SUPPLIED DATA >>

- - - - -

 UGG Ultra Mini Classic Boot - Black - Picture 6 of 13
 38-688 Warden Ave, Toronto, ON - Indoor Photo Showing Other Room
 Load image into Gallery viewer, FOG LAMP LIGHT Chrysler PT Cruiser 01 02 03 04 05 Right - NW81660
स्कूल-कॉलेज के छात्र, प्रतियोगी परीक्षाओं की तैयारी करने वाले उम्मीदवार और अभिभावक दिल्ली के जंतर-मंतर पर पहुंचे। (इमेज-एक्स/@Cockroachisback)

- - - - -

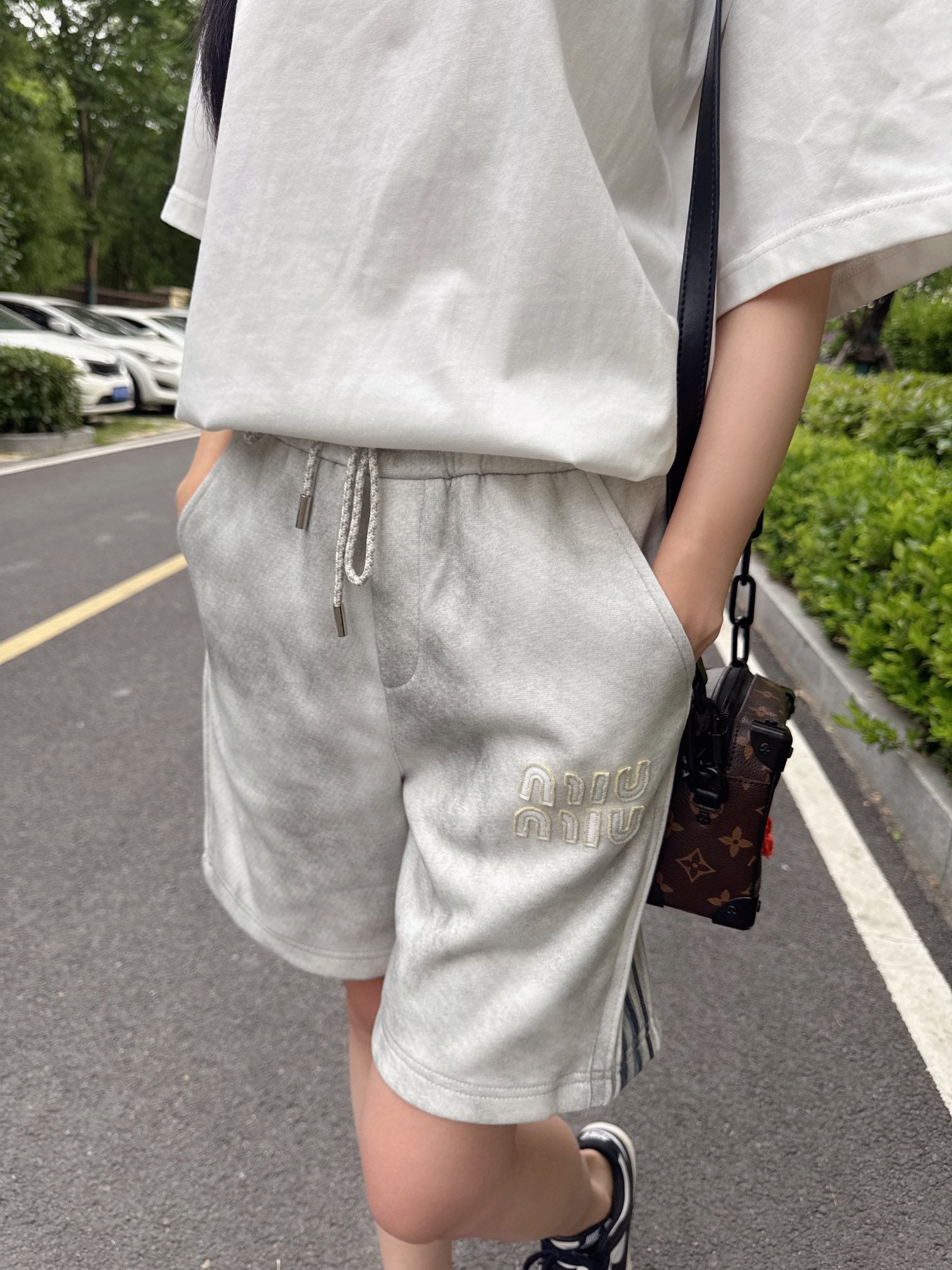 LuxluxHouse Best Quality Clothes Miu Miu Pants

- - - - -

Output should match, line for line, the stretch of the material above from the line holding "UGG Ultra Mini" through the line holding "स्कूल-कॉलेज के छात्र, प्रतियोगी".

 UGG Ultra Mini Classic Boot - Black - Picture 6 of 13
 38-688 Warden Ave, Toronto, ON - Indoor Photo Showing Other Room
 Load image into Gallery viewer, FOG LAMP LIGHT Chrysler PT Cruiser 01 02 03 04 05 Right - NW81660
स्कूल-कॉलेज के छात्र, प्रतियोगी परीक्षाओं की तैयारी करने वाले उम्मीदवार और अभिभावक दिल्ली के जंतर-मंतर पर पहुंचे। (इमेज-एक्स/@Cockroachisback)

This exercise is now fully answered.